WHAT YOU ARE ASKED TO DO: Produce a copy of every line in the records that holds the string "Kids".

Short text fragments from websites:
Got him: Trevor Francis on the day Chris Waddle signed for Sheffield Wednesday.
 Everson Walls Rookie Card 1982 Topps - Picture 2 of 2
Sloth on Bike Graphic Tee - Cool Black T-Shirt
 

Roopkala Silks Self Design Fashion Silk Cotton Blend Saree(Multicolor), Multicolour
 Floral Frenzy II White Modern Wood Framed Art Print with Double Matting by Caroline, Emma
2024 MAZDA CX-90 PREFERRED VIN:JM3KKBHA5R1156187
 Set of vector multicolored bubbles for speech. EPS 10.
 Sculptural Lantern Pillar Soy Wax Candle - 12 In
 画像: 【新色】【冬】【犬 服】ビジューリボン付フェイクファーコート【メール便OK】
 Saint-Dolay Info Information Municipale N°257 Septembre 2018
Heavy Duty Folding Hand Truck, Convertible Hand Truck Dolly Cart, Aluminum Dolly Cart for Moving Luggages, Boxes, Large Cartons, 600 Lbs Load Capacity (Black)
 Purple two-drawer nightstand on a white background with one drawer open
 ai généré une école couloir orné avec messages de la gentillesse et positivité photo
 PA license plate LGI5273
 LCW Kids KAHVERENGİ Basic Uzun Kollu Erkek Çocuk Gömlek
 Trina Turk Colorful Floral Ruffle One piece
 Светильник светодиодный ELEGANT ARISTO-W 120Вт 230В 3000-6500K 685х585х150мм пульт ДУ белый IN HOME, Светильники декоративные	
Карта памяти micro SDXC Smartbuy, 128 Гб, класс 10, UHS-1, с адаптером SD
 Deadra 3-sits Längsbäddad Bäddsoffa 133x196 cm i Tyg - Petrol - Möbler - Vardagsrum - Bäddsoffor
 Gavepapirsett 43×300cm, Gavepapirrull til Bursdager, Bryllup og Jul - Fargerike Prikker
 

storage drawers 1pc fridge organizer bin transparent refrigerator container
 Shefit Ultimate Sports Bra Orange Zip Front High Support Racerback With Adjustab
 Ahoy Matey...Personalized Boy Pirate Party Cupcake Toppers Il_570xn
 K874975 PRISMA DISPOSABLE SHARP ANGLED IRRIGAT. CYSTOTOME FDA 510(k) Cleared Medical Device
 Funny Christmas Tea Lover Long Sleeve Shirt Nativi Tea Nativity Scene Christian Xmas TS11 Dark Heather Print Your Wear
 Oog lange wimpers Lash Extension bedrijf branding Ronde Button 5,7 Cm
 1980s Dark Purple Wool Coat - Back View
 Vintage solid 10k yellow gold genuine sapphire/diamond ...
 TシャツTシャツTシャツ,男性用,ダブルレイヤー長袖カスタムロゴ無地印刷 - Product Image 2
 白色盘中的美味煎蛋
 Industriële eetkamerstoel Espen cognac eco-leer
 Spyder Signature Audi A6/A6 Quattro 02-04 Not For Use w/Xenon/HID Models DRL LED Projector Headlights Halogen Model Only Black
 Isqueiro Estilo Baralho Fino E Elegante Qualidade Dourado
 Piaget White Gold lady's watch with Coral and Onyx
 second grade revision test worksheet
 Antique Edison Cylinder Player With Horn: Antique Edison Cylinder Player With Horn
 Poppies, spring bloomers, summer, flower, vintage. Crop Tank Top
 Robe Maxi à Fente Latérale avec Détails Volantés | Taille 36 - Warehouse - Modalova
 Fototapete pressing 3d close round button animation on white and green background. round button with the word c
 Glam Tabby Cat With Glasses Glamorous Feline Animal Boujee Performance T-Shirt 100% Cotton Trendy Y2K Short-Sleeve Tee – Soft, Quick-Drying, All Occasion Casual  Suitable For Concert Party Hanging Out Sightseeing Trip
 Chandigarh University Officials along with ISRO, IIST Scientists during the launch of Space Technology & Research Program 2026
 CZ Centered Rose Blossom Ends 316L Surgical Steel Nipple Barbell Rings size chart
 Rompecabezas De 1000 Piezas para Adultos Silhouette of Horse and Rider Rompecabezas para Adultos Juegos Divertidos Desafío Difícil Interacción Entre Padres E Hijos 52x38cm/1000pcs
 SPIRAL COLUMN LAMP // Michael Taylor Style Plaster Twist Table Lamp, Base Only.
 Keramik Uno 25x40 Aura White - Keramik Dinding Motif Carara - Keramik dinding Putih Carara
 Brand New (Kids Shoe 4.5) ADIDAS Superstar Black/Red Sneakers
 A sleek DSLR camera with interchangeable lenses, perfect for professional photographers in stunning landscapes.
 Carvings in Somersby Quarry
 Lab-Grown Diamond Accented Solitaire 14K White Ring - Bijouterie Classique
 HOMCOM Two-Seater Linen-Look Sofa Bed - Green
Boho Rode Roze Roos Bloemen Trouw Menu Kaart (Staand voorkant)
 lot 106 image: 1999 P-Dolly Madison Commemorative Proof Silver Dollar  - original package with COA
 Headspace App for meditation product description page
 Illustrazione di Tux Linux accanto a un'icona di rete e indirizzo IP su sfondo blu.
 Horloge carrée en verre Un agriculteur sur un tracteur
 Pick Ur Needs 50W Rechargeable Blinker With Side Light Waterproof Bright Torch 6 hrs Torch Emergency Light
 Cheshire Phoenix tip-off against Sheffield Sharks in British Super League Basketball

TASK RESULT:
 LCW Kids KAHVERENGİ Basic Uzun Kollu Erkek Çocuk Gömlek
 Brand New (Kids Shoe 4.5) ADIDAS Superstar Black/Red Sneakers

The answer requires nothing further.